### Your goal
The listing below contains a span that opens with the line containing "Pilo D713 Cannondale" and closes with the line containing "3-к кв. Пермский". Return that span exactly.

Records for processing: Begin

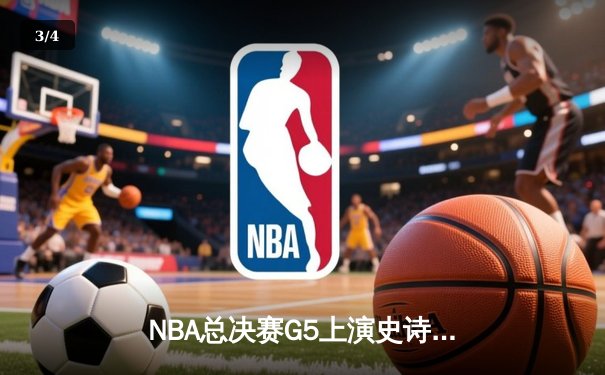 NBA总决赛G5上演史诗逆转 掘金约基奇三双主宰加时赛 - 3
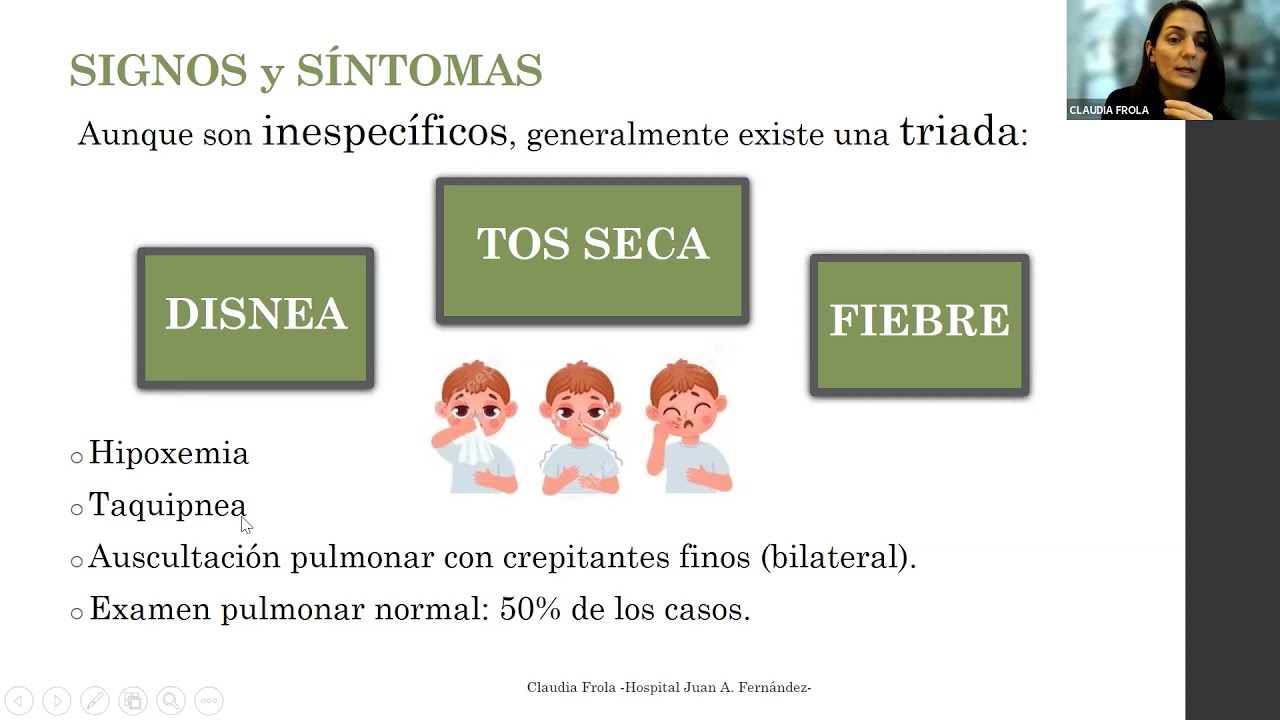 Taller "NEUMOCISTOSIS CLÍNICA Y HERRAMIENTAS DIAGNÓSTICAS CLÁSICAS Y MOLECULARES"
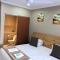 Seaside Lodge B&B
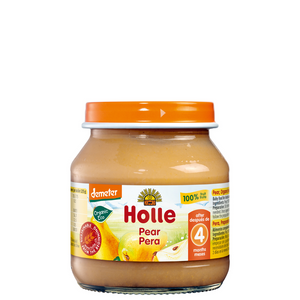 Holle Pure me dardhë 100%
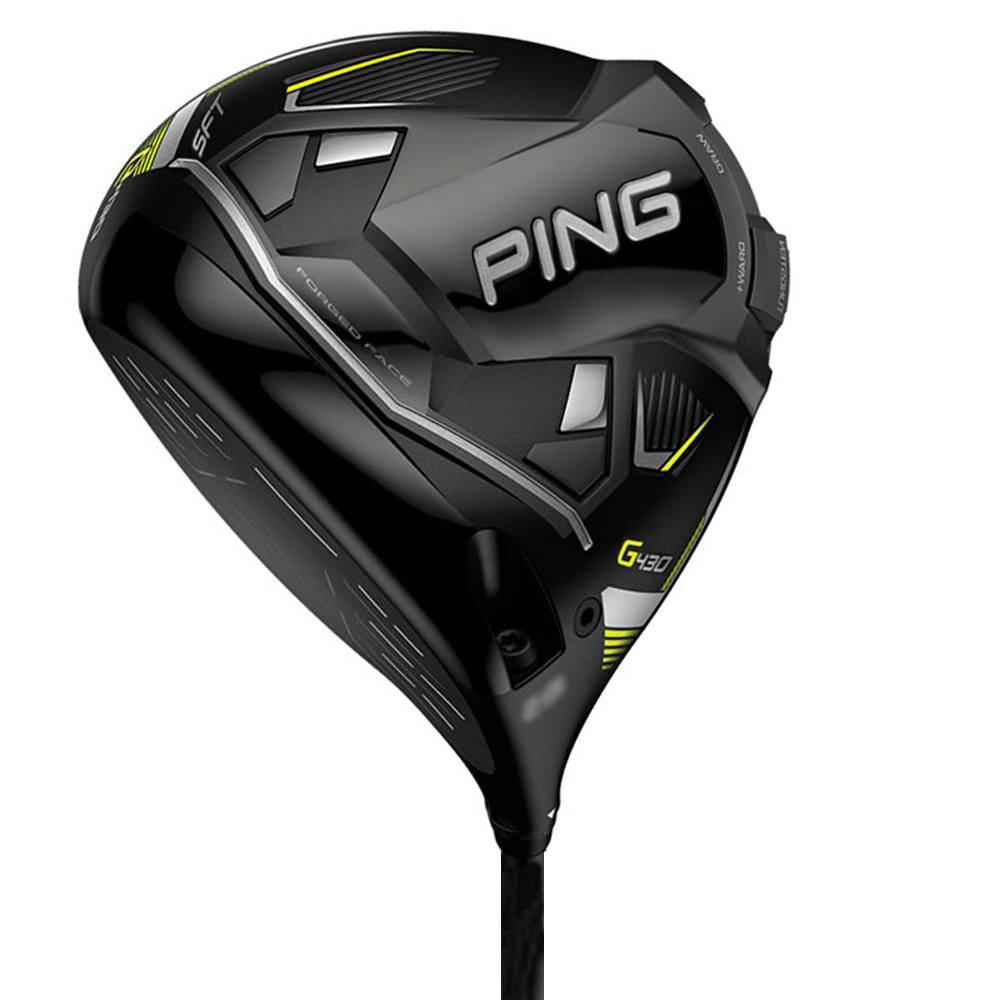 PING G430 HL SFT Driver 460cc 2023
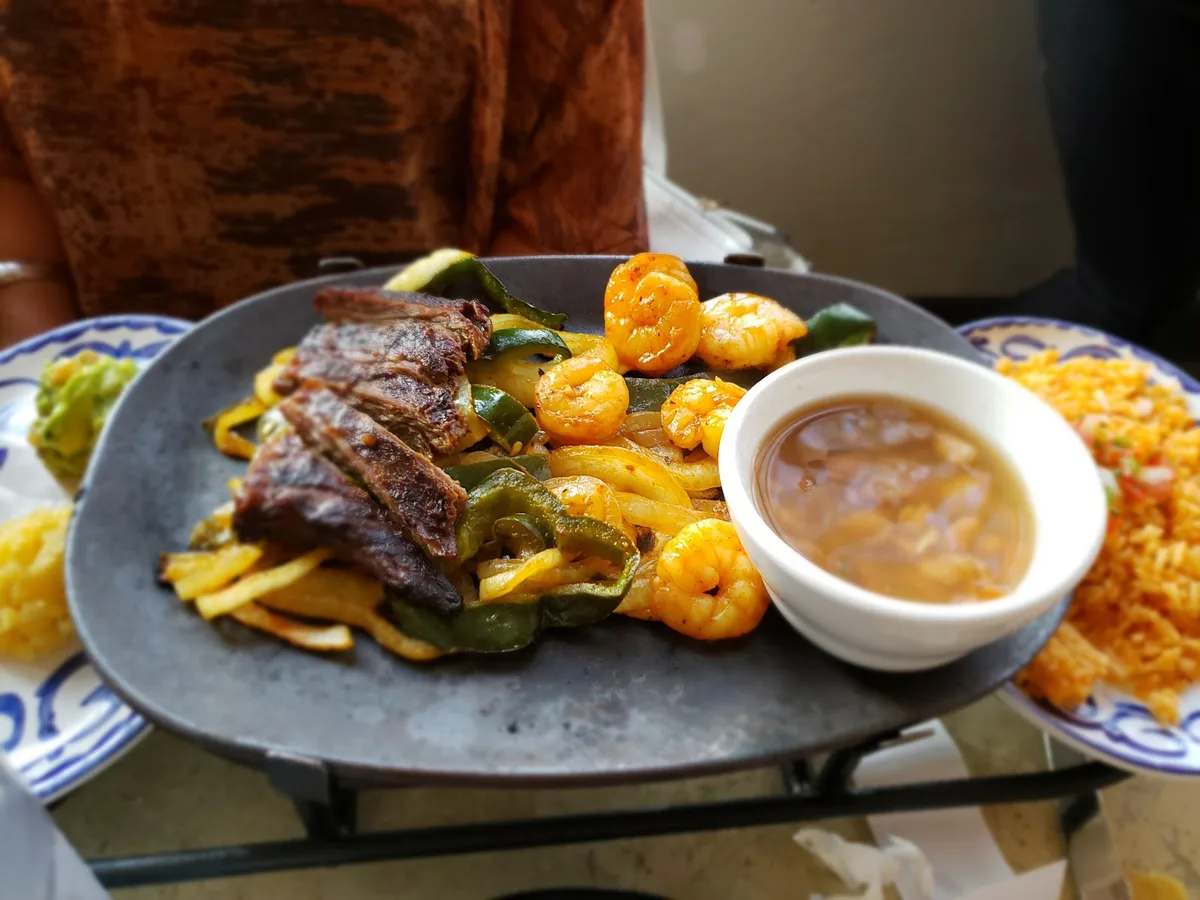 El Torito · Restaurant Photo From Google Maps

Records for processing: End
Records for processing: Begin

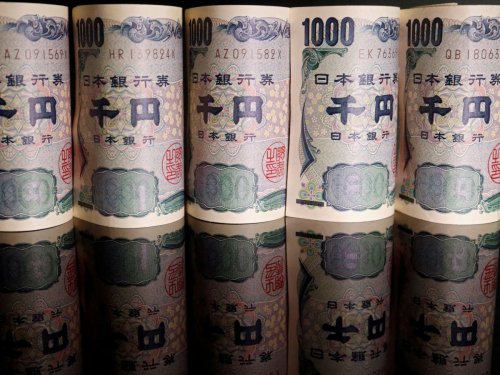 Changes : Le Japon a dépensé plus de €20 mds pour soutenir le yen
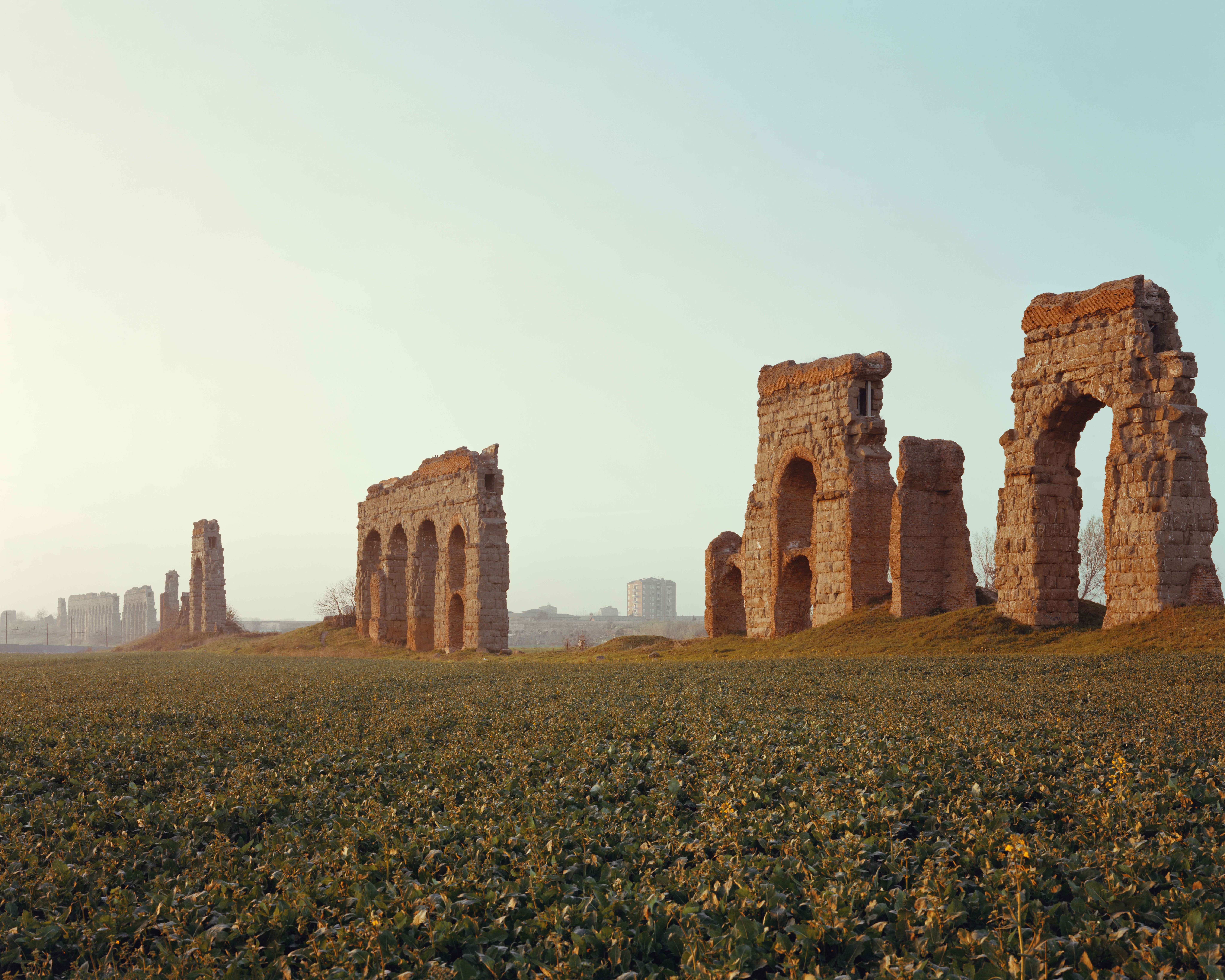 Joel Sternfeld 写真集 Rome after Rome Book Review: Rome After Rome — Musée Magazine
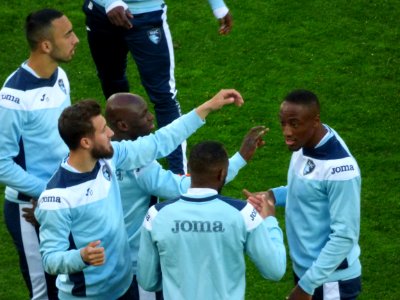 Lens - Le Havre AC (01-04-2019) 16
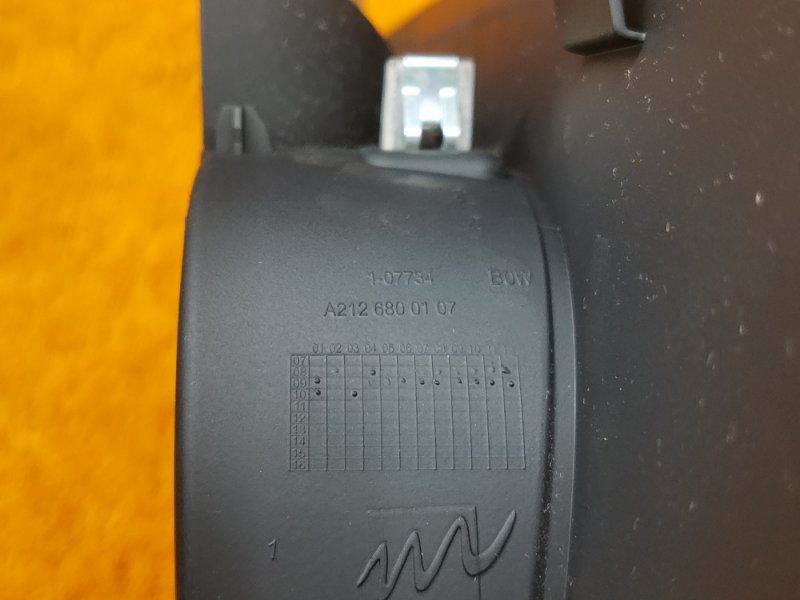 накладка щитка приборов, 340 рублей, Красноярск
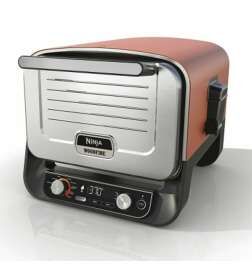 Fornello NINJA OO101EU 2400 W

Records for processing: End
Records for processing: Begin

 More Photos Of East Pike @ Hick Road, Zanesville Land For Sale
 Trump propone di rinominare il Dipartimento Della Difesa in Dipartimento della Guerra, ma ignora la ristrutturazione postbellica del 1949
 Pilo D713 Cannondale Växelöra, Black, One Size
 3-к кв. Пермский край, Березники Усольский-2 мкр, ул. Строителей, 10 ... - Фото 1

Records for processing: End

### Result of this exercise
 Pilo D713 Cannondale Växelöra, Black, One Size
 3-к кв. Пермский край, Березники Усольский-2 мкр, ул. Строителей, 10 ... - Фото 1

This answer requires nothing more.